In all honesty, Randy was a little disappointed with the yield. We had a lot of subsoil moisture at the beginning of the growing season. But I guess we just didn't get the rain and cooler temperatures we needed during grain filling. There were fairly large mudholes where no crop grew. As Randy says, "I guess it's Kansas."
How does Corn Harvest 2019 stack up with previous years' averages?
2019 - 66.6 bu/acre
2018 - 82 bu/acre
2017 - 43.6 bu/acre
2016 - 71 bu/acre
2015 43.88 bu/acre
2014 - 108 bu/acre
2013 - 57 bu/acre (This was the first year we added corn into the crop rotation).
When you reach the end of a season, it's always good to look back to where you've been. To read more about each stage, click on the links:
We started planting corn on April 15, 2019, and finished April 25 or so. Wheat has always been our primary crop. However, the prevented planting of wheat acres due to excessive moisture last fall meant an increase to those we devoted to corn on the County Line. The cost of planting corn is appreciably higher than the cost of planting wheat due to seed costs, fertilizer and herbicide. Because we are a totally dryland farm, wheat typically performs better than corn on our acreage.

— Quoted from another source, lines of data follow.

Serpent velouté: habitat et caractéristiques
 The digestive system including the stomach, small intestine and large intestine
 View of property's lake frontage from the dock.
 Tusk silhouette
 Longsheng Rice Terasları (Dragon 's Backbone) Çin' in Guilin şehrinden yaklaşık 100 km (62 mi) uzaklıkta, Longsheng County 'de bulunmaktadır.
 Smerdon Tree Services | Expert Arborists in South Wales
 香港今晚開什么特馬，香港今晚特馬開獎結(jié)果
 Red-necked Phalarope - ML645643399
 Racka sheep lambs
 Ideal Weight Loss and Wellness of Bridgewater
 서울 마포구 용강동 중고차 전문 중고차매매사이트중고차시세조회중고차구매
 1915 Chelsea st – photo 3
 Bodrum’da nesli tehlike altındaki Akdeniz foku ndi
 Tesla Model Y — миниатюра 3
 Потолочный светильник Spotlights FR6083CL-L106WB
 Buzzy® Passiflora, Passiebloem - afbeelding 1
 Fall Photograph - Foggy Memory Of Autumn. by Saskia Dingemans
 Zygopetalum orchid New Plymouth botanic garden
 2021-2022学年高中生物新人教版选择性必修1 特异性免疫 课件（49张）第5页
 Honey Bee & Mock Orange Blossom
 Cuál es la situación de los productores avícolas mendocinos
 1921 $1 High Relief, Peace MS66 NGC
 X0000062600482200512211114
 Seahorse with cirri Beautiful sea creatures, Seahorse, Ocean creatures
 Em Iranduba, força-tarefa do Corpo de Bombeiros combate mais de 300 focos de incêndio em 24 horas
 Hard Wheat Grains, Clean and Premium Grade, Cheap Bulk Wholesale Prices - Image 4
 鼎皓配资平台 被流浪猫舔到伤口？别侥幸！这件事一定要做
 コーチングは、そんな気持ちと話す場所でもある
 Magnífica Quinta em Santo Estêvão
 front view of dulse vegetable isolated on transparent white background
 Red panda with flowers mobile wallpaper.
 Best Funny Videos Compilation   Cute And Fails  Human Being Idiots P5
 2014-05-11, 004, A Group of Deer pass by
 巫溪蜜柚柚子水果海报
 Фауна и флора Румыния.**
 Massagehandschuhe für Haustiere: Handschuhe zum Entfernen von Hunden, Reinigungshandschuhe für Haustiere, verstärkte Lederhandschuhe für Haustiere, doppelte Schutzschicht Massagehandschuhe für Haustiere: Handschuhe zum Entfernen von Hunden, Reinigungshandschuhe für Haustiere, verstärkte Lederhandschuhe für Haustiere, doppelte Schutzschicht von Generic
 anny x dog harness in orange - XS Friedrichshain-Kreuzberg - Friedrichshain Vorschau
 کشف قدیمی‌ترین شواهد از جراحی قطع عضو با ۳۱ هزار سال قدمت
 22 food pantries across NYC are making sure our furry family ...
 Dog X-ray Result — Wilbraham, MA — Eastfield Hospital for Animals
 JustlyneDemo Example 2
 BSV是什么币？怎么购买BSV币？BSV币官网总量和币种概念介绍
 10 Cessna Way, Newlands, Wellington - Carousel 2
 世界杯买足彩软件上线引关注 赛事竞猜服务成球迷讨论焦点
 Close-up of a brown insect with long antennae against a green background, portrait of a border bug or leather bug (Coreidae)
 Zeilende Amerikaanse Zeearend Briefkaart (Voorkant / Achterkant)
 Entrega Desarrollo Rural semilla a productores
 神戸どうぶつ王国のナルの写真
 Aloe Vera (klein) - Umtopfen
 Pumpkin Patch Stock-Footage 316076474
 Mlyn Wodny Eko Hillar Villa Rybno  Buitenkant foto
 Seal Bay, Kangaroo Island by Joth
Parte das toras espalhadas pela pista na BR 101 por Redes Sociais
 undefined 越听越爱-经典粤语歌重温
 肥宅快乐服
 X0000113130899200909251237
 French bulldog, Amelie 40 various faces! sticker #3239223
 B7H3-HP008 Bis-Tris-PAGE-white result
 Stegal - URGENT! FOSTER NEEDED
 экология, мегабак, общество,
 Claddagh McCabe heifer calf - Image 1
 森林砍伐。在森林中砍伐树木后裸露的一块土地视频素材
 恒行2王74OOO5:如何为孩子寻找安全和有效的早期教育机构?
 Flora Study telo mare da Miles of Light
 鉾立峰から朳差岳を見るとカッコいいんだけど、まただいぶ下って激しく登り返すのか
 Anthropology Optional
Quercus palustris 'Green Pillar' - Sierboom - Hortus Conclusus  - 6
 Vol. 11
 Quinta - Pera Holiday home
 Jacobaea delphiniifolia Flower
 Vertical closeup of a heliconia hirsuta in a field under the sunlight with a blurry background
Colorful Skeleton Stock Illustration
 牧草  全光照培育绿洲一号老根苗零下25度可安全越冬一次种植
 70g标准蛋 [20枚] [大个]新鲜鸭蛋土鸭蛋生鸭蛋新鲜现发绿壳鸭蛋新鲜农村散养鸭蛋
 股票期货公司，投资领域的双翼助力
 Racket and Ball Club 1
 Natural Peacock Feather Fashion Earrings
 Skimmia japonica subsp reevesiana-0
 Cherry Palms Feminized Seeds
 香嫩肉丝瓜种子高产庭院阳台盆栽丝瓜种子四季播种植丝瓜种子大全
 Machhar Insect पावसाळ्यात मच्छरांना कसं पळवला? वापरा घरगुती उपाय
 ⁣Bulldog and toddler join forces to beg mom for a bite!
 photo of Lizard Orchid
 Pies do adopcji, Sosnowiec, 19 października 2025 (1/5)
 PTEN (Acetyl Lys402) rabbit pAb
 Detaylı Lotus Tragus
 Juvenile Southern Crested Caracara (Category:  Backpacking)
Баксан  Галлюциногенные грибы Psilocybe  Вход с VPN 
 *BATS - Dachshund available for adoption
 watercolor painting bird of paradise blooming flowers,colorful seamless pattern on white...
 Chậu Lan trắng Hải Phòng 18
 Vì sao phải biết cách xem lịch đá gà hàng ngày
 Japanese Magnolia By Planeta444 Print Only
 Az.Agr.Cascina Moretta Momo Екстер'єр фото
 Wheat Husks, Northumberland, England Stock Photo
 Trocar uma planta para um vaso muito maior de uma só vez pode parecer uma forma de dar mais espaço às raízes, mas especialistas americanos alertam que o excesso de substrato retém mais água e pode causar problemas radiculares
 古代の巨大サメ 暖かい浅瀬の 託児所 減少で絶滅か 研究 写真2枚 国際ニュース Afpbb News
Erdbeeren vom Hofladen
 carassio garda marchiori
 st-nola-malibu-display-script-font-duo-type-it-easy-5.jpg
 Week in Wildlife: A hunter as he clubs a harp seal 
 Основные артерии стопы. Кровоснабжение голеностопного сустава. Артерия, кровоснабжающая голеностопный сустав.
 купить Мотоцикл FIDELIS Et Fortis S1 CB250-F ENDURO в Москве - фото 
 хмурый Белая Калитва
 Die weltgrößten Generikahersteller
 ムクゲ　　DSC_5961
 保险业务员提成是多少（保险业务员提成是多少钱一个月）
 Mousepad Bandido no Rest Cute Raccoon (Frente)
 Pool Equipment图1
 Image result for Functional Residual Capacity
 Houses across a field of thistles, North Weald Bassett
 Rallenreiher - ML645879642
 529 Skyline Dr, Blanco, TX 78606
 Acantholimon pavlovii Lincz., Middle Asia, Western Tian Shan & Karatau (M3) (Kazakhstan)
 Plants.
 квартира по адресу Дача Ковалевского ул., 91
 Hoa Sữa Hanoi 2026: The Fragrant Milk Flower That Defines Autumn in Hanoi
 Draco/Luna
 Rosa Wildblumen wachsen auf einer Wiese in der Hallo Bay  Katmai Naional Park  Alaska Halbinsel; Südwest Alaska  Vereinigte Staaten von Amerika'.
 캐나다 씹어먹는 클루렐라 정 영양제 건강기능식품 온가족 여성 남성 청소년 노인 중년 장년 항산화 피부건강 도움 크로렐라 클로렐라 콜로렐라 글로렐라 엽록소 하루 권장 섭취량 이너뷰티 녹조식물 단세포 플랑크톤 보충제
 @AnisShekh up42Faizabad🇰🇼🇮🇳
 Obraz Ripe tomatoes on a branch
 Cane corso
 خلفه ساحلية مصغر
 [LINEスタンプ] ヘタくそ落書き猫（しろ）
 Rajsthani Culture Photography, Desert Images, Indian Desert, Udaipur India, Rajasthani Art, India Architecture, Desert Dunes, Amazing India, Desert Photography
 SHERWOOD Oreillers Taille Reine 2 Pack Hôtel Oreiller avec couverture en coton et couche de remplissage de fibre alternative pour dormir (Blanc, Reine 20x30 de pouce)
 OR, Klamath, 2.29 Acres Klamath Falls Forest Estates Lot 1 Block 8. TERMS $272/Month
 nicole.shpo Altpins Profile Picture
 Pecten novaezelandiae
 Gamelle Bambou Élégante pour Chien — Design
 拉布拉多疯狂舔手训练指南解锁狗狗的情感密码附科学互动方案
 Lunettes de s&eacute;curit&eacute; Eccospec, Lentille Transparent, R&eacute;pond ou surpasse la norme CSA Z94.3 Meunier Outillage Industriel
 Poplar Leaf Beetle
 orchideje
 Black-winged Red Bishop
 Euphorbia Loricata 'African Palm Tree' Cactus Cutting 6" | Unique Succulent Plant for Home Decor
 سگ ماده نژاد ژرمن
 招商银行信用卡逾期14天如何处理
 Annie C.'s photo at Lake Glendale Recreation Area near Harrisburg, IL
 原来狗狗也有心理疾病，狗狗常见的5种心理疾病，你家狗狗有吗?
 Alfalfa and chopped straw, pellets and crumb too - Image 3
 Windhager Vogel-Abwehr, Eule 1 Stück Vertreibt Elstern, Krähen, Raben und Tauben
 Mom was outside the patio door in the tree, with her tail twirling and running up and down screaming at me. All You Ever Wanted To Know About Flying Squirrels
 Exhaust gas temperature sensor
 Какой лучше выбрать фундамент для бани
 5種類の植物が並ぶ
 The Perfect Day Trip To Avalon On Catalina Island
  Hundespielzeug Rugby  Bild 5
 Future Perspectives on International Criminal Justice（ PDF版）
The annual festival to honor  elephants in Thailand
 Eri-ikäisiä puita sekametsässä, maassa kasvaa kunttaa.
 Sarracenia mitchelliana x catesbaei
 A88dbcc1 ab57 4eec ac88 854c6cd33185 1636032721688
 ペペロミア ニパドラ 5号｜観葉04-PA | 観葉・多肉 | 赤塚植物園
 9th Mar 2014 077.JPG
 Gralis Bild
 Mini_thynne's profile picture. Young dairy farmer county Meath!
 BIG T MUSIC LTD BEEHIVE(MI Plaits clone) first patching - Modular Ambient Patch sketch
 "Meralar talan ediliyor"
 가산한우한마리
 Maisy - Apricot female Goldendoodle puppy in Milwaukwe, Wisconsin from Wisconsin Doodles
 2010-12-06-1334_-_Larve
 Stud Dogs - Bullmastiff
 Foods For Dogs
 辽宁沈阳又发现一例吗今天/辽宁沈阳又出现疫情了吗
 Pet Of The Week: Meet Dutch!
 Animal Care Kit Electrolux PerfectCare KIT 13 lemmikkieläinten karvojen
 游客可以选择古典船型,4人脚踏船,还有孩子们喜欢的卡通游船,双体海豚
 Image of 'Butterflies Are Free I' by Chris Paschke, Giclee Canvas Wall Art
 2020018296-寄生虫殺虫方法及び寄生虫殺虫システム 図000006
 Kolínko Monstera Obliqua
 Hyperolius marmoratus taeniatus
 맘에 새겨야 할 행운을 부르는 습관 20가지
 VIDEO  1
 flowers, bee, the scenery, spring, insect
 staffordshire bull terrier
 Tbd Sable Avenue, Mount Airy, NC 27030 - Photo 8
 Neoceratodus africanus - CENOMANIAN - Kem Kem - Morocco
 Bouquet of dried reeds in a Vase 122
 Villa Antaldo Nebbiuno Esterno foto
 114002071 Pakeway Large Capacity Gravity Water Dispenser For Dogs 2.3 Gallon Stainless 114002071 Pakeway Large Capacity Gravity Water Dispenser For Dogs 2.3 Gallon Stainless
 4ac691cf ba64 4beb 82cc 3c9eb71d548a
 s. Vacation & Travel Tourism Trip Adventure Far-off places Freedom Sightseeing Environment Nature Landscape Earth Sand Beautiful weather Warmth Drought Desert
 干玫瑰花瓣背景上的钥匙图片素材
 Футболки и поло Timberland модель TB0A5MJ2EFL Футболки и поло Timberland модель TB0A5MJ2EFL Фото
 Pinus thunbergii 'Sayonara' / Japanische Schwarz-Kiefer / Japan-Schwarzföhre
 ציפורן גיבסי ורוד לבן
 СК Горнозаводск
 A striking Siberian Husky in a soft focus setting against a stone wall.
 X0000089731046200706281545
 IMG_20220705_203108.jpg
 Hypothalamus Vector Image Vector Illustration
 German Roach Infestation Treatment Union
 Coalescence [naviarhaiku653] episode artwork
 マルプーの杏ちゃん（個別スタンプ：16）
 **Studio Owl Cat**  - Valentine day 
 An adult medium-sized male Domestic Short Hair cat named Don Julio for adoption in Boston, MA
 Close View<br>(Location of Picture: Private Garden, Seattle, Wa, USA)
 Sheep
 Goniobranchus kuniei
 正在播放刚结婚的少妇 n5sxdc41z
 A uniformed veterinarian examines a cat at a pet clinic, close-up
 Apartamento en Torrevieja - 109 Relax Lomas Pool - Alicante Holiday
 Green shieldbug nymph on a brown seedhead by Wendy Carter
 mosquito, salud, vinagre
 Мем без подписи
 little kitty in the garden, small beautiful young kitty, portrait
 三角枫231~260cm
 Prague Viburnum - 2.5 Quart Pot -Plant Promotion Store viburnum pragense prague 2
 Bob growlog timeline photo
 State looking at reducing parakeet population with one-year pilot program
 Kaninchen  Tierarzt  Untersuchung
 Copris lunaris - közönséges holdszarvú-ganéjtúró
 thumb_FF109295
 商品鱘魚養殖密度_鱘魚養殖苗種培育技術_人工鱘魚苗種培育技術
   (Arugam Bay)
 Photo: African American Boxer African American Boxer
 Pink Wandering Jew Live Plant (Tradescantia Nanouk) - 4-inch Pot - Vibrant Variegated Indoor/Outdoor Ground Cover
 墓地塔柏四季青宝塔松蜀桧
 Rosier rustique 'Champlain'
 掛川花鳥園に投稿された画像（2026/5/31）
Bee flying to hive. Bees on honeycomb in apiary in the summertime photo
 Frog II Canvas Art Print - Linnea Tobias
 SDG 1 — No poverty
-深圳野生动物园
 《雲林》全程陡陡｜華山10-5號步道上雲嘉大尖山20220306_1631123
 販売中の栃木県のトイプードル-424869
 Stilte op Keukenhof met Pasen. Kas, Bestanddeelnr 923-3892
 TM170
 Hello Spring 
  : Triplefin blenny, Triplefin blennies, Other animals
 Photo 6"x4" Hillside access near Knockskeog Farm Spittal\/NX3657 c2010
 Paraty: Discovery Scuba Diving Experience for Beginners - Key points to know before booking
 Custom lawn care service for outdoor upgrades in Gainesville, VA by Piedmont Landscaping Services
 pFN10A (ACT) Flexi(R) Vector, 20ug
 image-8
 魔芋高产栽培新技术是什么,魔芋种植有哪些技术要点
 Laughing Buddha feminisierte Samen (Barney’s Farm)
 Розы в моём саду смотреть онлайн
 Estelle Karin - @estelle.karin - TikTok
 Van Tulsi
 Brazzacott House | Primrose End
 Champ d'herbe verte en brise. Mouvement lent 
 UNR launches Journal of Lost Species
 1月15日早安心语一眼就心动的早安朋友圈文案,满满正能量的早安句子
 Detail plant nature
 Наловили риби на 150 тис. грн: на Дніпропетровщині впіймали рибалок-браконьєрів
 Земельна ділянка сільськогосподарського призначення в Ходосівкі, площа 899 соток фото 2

We planted 600 acres of corn. To compare: In 2018, we planted 280 acres of corn.
The corn was emerging in early May.
June 21, 2019 |
As advertised in a song from a musical, the corn was "as high as an elephant's eye" in July.
July 8, 2019 |
By the end of August, the corn was starting to dry down. It was too dry to take to the feedlot for high-moisture corn and not quite dry enough to haul to the elevator.
Our corn wasn't a bumper crop. But neither was our wheat this year. This is the first time we have more corn bushels to sell than wheat bushels. (We planted 1,080 acres of wheat vs. the 600 of corn. Part of that is the difference in the size of the kernel. Corn kernels are bigger and heavier than wheat kernels. Corn typically produces more bushels per acre than wheat, and that was definitely true this year when we had the poorest wheat harvest we'd had in the 10 years I've been blogging.)
And so we finish up another task on the County Line.
It is what it is.
And, as one of my dad's other signs - and sayings - goes, we'll keep on hoeing.